Both parties arrived at Canton’s Hudson Street Stackhouse slightly before 7 p.m. The two roommates took a table; the Hopkins quartet lined up at the bar.
At the table, Rose Johnson sipped a beer and briefly glanced away from her friend. When she looked back, she was puzzled to see Marshall wordlessly craning her neck toward the ceiling. When Marshall’s back arched suddenly, Johnson jumped to circle her arm around her friend and began lowering her to the floor. “I need help!” she shouted.
At the nearby bar, Lindeman was about to take her first bite when she heard the noise. She turned to see a panicked patron cradling an apparently unconscious woman.
Lindeman and her colleagues moved in. “We’re therapists from Bayview,” Lindeman said to Johnson, who stepped aside as Lindeman’s team stepped in. “Tilt her head back to maintain her airway,” said one of the Hopkins crew to another.
* * * * * * * * * *
When Marshall’s back arched suddenly, Johnson jumped to circle her arm around her friend and began lowering her to the floor. “I need help!” she shouted.
* * * * * * * * * *
Johnson, herself an emergency nurse, was relieved to have the able team take over. Okay, she thought. We’re good.
“I don’t have a pulse!” one therapist shouted. Another therapist called 911 and asked the bartender to stop the music and brighten the lights. Still another quizzed Johnson about her friend’s medical history. Several people moved furniture to open a path for inbound EMTs. Patrons then formed a protective ring as one therapist started a rapid series of chest compressions. She kept pace by humming the Bee Gees tune “Stayin’ Alive,” just as she’d been taught. The song’s beat approximates the ideal 100 pushes per minute that could keep this woman from dying.
Less than 10 percent of the 250,000 people who annually suffer a cardiac arrest beyond the reach of an electronic defibrillator can be sustained long enough to make it to the hospital alive.
“Okay,” said Lindeman to the small group, as they focused on helping Chessa Marshall beat the odds. “Let’s go!”
AMONG THE LITANY of our institution’s discoveries, this one needs little hedging: Johns Hopkins is ground zero for modern CPR. Its genesis came to light in a seminal Hopkins-centric research paper that unleashed a global buzz in the summer of 1960—which means CPR recently marked its 50th birthday.

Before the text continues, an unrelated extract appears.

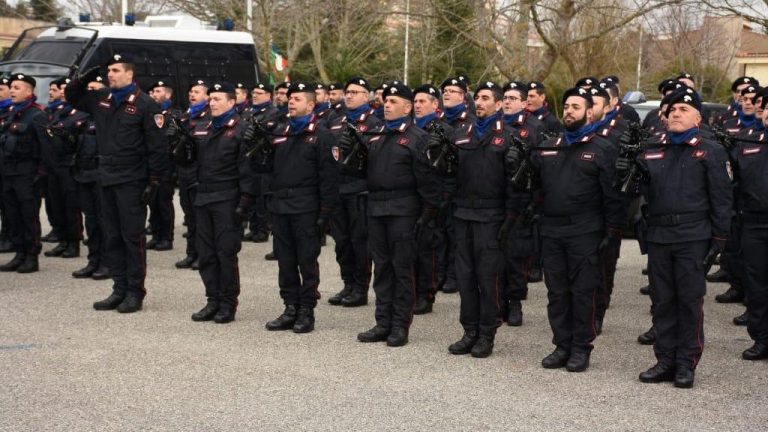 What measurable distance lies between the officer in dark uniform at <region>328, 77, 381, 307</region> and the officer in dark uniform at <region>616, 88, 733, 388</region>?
11.9ft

In what has become an annual rite at the School of Medicine, the story of CPR’s Hopkins origins gets retold to each incoming class. This now happens every September in the new Simulation Center auditorium, where center director Betsy Hunt guides her students through an archival black-and-white film from 1962 that showcases Hopkins scientists demonstrating CPR’s principles on laboratory dogs.
Gesturing next to the screen between pivotal sequences, Hunt describes how two scientists in the film are about to demonstrate their ability to restart the heart of a sedated dog induced with cardiac arrest. “See when they do the chest compressions?” she says, then narrates as the sequence shifts from the dog to a printed readout of the animal’s vital signs. “All of a sudden you get back a blood pressure,” she says, pointing her finger to a film clip showing the tracings, “and they see that the brain is getting perfused.
“And here,” Hunt adds, as one scientist prepares defibrillating paddles, “he’s actually going to shock the dog.” The shock is applied. The dog revives. The printout confirms the reversal. “So all of a sudden, the dog is back. So this is really, really exciting.”
Typically, this is also the moment when Hunt backs up in time to the late 1950s, to interject one of the most delightful details of traditional Hopkins-style serendipity. The moment draws on the legendary torpor of the 13-story elevators in Hopkins’ fabled Blalock wing.
Ah yes, Guy Knickerbocker allows today, “the notorious elevator thing.” In sitting down for an interview this past fall about CPR’s founding, Knickerbocker—one of the two men shown in Hunt’s archival video—displays his hallmark caution in accurately portraying a Eureka moment.
It was 1958, he explains, and he was a 29-year-old grad student working in the lab of Hopkins electrical engineer William Kouwenhoven, who’d already invented the first cardiac defibrillator. Knickerbocker, while conducting a series of ongoing tests on a laboratory dog during one of his lab chief’s brief absences, saw the animal’s heart unexpectedly slip into a nearly universally fatal form of ventricular fibrillation.
Normally, his lab associates would pull up the wheeled cart that carried their novel cardiac defibrillating equipment and shock the animal’s heart back into a proper rhythm. But this lab was on the Blalock wing’s 12th floor, and their cart was on Blalock 5. They’d long understood that no mammal could survive more than five minutes in V-Fib. With the chronically sluggish Blalock elevators now standing between them and the heart cart seven floors below, it didn’t take a rocket scientist to calculate that this dog was not long for this world.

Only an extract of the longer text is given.